The Spider's Web (serial)

[1] Richard Wentworth (Warren Hull), an amateur criminologist who is friendly with the police and is secretly "The Spider," a masked vigilante, is equally determined to destroy the Octopus and his gang.

The only people who know Wentworth's various identities are his assistants Jackson (Richard Fiske) and Ram Singh (Kenne Duncan), his butler Jenkins (Don Douglas), and his fiancée Nita (Iris Meredith).

Each chapter ends with The Spider or his friends in deep trouble, often about to be killed, but the effect is spoiled by a trailer for the next episode which follows, showing them rescued and continuing to fight the villains.

[2] The original pulp magazine stories were too violent for the motion picture production code, but The Spider's Web "did manage to suggest [their] frantic pace".

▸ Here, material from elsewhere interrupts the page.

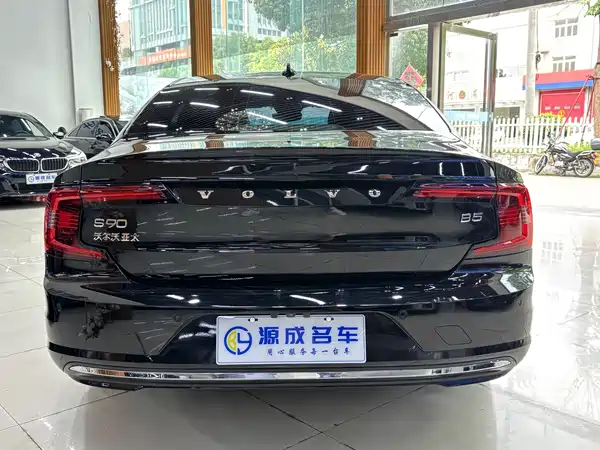 Volvo S90 2022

Beginning with the pulp's sixth issue in 1934, The Spider employed horror makeup consisting of a "fright wig", fangs, a false hooked nose, and a hunchback.

The screenplay was written by serial scenarists George H. Plympton and Basil Dickey, feature-film writer Robert E. Kent, and newspaperman Martie Ramson, whose hard-boiled short stories were syndicated in 1935 and 1936.

The Spider's Web was wildly successful when first released in 1938; it was the most popular serial of that year, according to a tally published in The Motion Picture Herald and its sister publication The Film Daily,[6] and was such an exhibitor favorite that Columbia used it to launch a series of reissues in 1947.